The most compelling heels are the ones who believe what they say, and as outlandish as it may be, say something believable. The most compelling babyfaces are the ones who can hear that belief and stand strong enough to say, “here’s where you’re wrong”, and mean it.

so uh, unfortunately,

Best: CM Punk Gets Shook

A few talking points from the Punk/Bryan verbal showdown:

1. Daniel Bryan continues his role as the Voice Of The Voiceless by saying what needed to be said: since Punk blew up last summer, he’s changed. He’s become that soulless, pandering asshole up top who throws his weight around and tries to look like the coolest and smartest and toughest guy on the show. Punk smirks, in the way that Summer Of Punk Punk never would, and says “the only thing that has changed about me is nothing”. I guess Titus O’Neil is writing his comebacks now.

2. Bryan points out that Punk is a sellout. Punk’s response is “funny coming from the guy in a YES YES YES t-shirt”. You know, the t-shirt WWE had to appropriate from Barbershop Window because the WrestleMania and Raw crowds in Miami wouldn’t stop yelling YES YES YES throughout the entire show, even when Bryan wasn’t in the ring. The shirt Bryan had to announce in a blushing promo at the end of a dark match to thunderous applause. The one the voiceless raised their voices and demanded. I guess Punk’s suggesting that we shouldn’t listen to those people, or maybe that they want to buy that shirt with an ice cream bar on the front that f**king nobody demanded.

3. Punk hasn’t changed since last summer. But, as my good friend Casey said, “you sure put on Triple H’s jacket, didn’t you”.

4. When Daniel Bryan calls Punk out on this stuff, what happens?

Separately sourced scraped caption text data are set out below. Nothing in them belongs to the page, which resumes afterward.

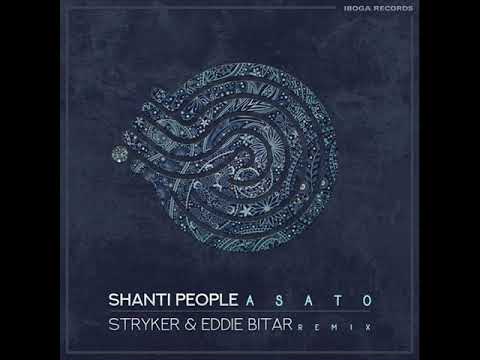 Shanti People - Asato (Stryker & Eddie Bitar remix)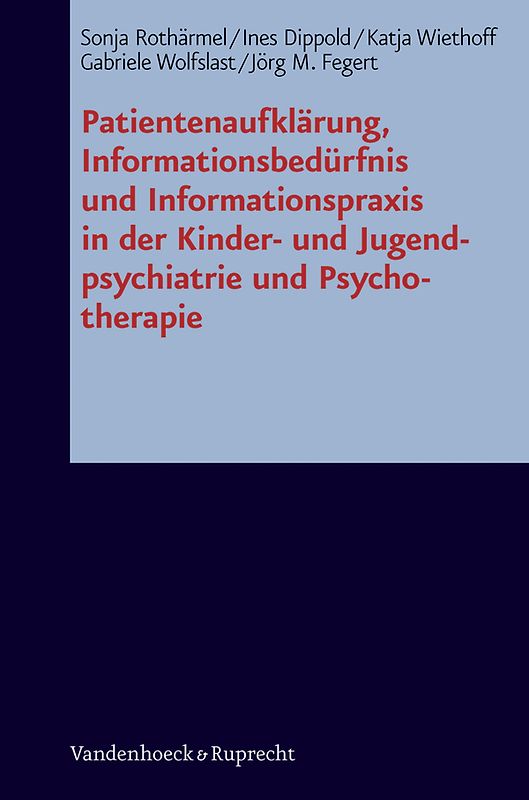 Patientenaufklärung, Informationsbedürfnis und Informationspraxis in der Kinder- und Jugendpsychiatrie und Psychotherapie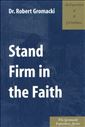 Stand Firm in the Faith: An Exposition of 2 Corinthians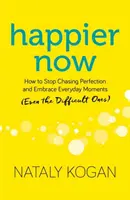 Più felice adesso: Come smettere di inseguire la perfezione e abbracciare i momenti quotidiani (anche quelli difficili) - Happier Now: How to Stop Chasing Perfection and Embrace Everyday Moments (Even the Difficult Ones)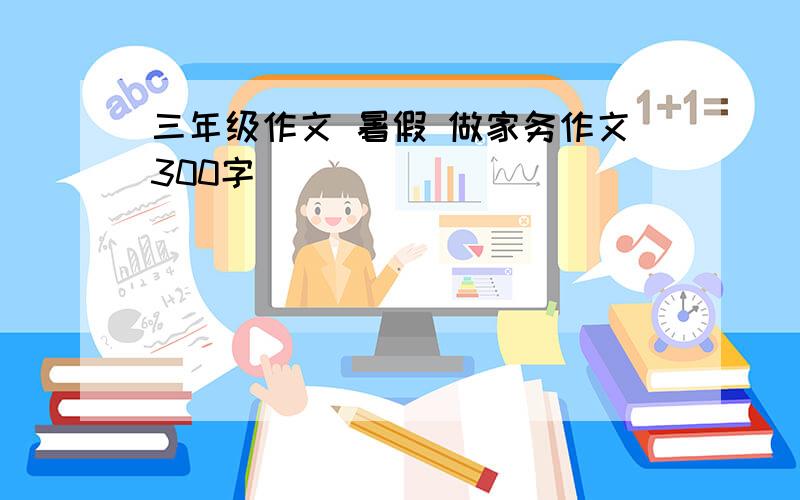 三年级作文 暑假 做家务作文300字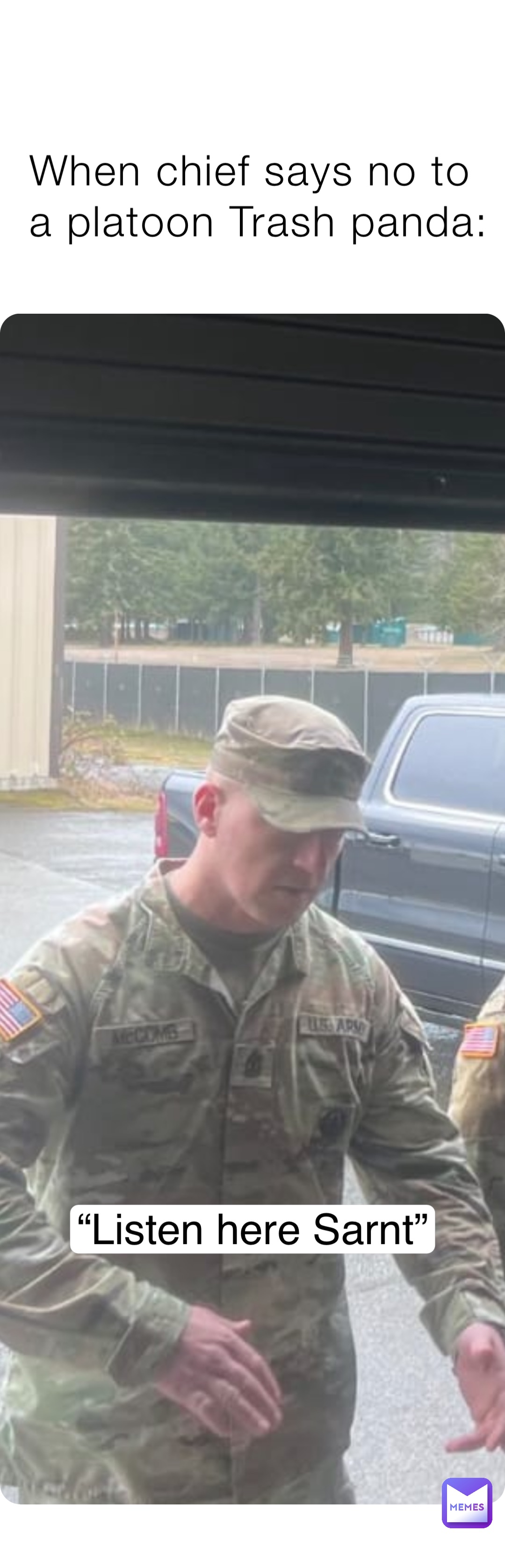 When chief says no to a platoon Trash panda: “Listen here Sarnt”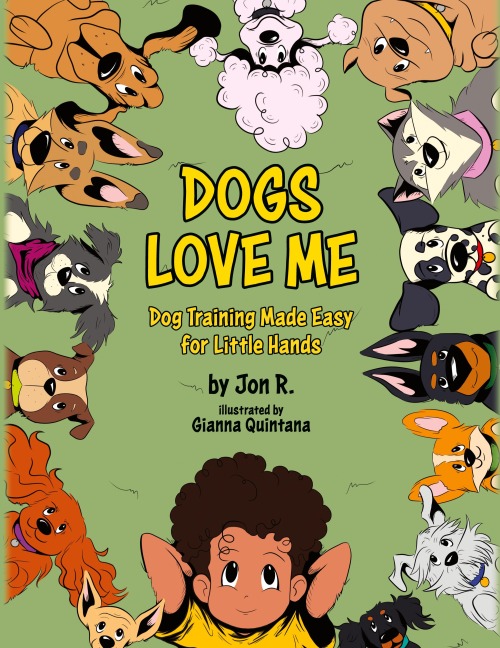 Dogs Love Me: Dog Training Made Easy for Little Hands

Punk doesn’t “pipe bomb” him in response like he should (or like everyone assumes he could), he backs up and starts insulting the way Bryan looks. Calls him “goat face”. Hey, you know who else doesn’t pay attention to criticism about himself and calls them ugly queers for “hating” on him?

The CM Punk who can’t stop Jim Halperting at the screen and digs crazy chicks is not my Voice. The guy who convinced him to go vegan is.